The term “cap” with respect to RNAs refers to the cap found on the 5′ end of an mRNA molecule which consists of a guanine nucleotide connected to the mRNA via an unusual 5′ to 5′ triphosphate linkage. This guanosine is methylated on the 7 position directly after capping in vivo by a methyl transferase. It is also referred to as a 7-methylguanylate cap, abbreviated m7G or m7Gppp. Capped RNA refers to an RNA comprising a 5′ cap and is also referred to as Gppp-RNA.
As used herein, the term MicroRNA (miRNA) refers to RNA molecules that are processed from small hairpin RNA (shRNA) precursors that are produced from miRNA genes. miRNAs are 21-23 nucleotides in length and through the RNA-induced silencing complex they target and silence mRNAs containing imperfectly complementary sequence. Animal miRNAs are initially transcribed as part of one arm of an 80 nucleotide RNA stem-loop that in turn forms part of a several hundred nucleotides long miRNA precursor termed a primary miRNA (pri-miRNA). Animal miRNAs are initially transcribed as pri-miRNA by DNA-dependent RNA polymerase II, then processed by Drosha as pre-miRNA, a stem-loop structure molecule, and finally cut by Dicer to form mature miRNA.

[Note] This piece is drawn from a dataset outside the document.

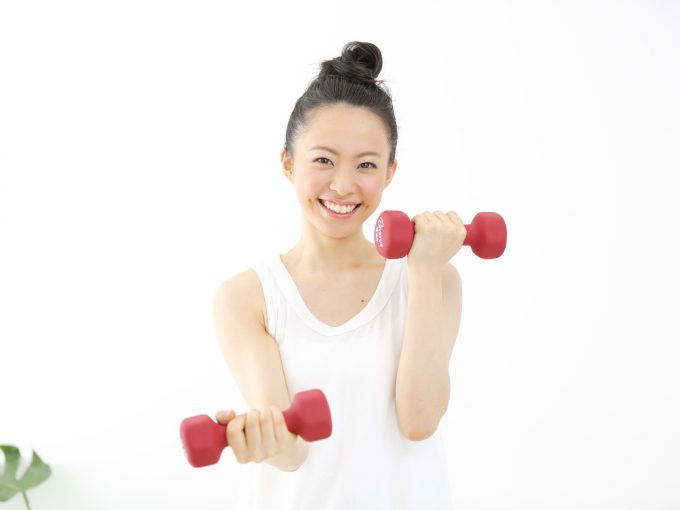 筋トレする女性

The term Piwi-interacting RNAs (piRNA) refers to small RNA species that are processed from single-stranded precursor RNAs. They are 21-35 nucleotides in length and form complexes with the piwi protein. Pri-piRNAs are long primary transcripts of piRNA molecules.
As used herein, the term “21U” refers to a 21 nt transcript starting with U (i.e., not limited to the 21U-RNA genes depicted in the Figures). However, “21U-RNA” or a gene name starting with “21ur” followed by a suffix is intended to refer to a 21U-RNA gene.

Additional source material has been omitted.